→ ASSIGNMENT
A verbatim copy of all the data is required; the pictures should not appear in it.

→ PROVIDED DATA
* * * * *

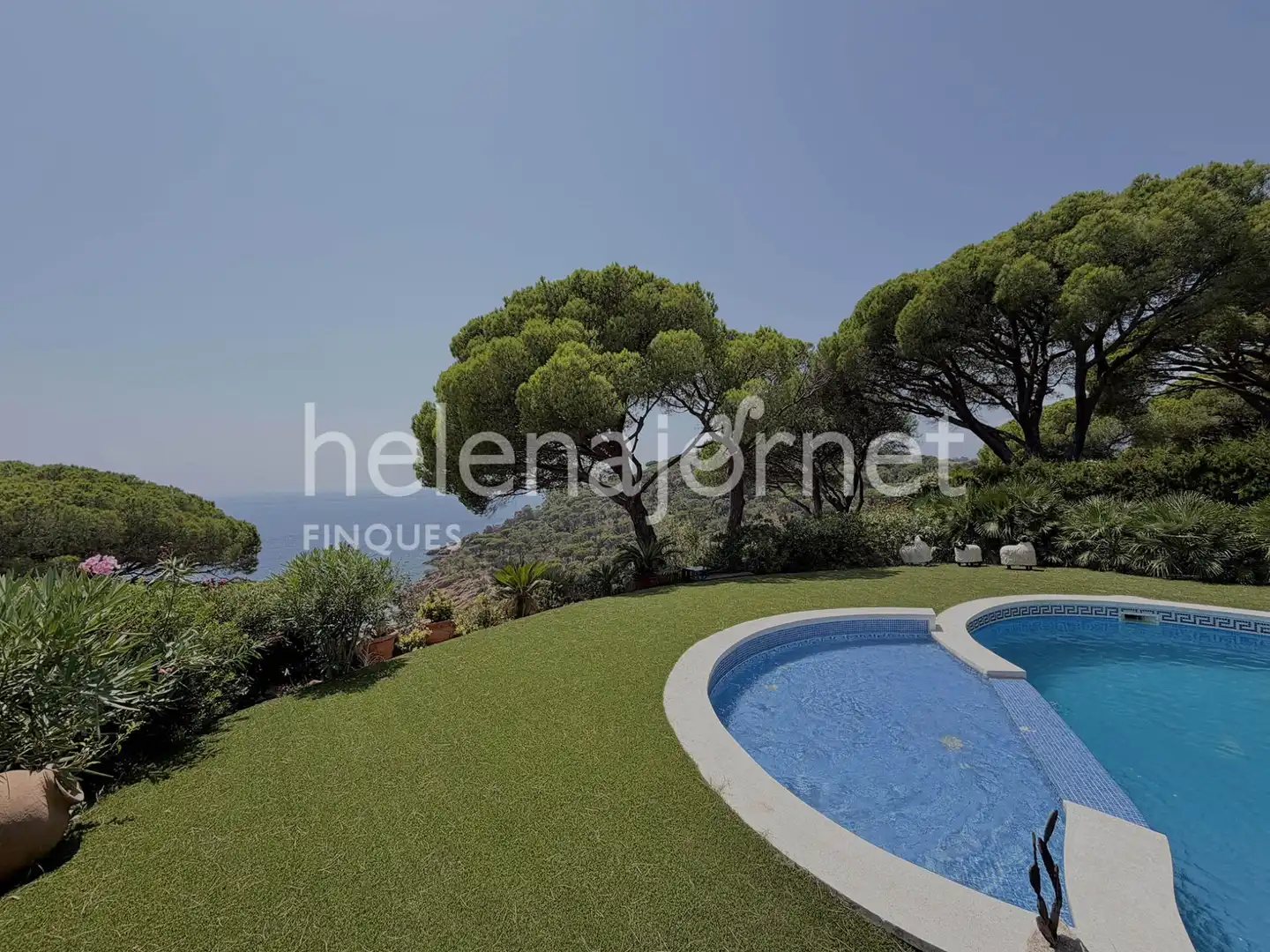 Jardí de Pis en venda en Sant Feliu de Guíxols amb Piscina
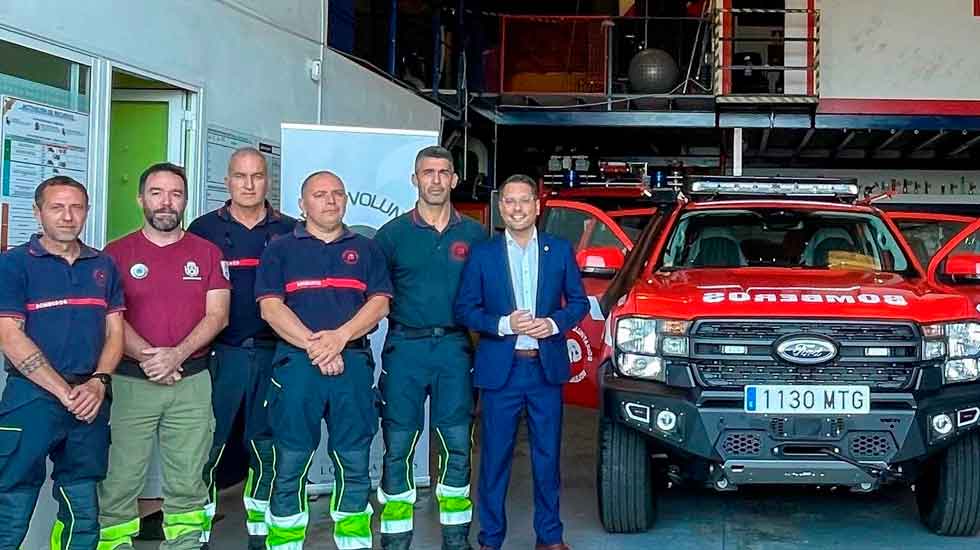 Bomberos Voluntarios de Los Realejos estrena vehículo para rescates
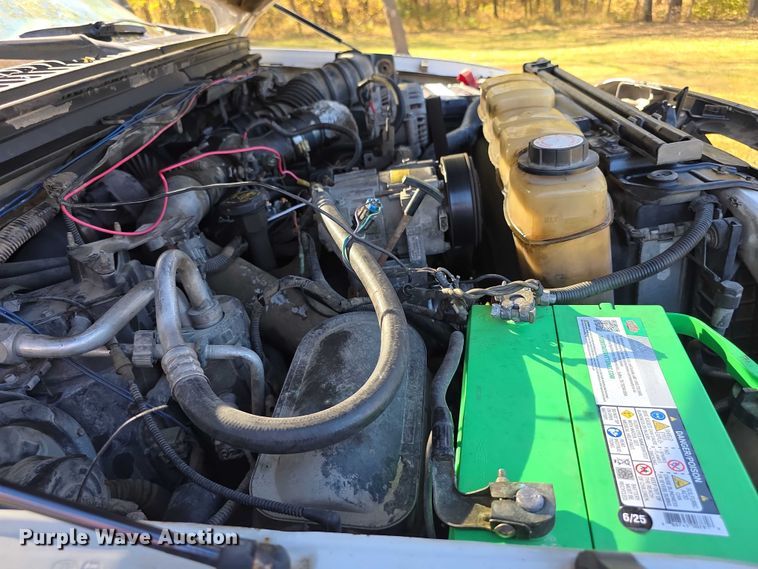 image for item DZ6474 2002 Ford F450 Crew Cab flatbed truck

* * * * *

→ WRITTEN SOLUTION
 Jardí de Pis en venda en Sant Feliu de Guíxols amb Piscina
 Bomberos Voluntarios de Los Realejos estrena vehículo para rescates
 image for item DZ6474 2002 Ford F450 Crew Cab flatbed truck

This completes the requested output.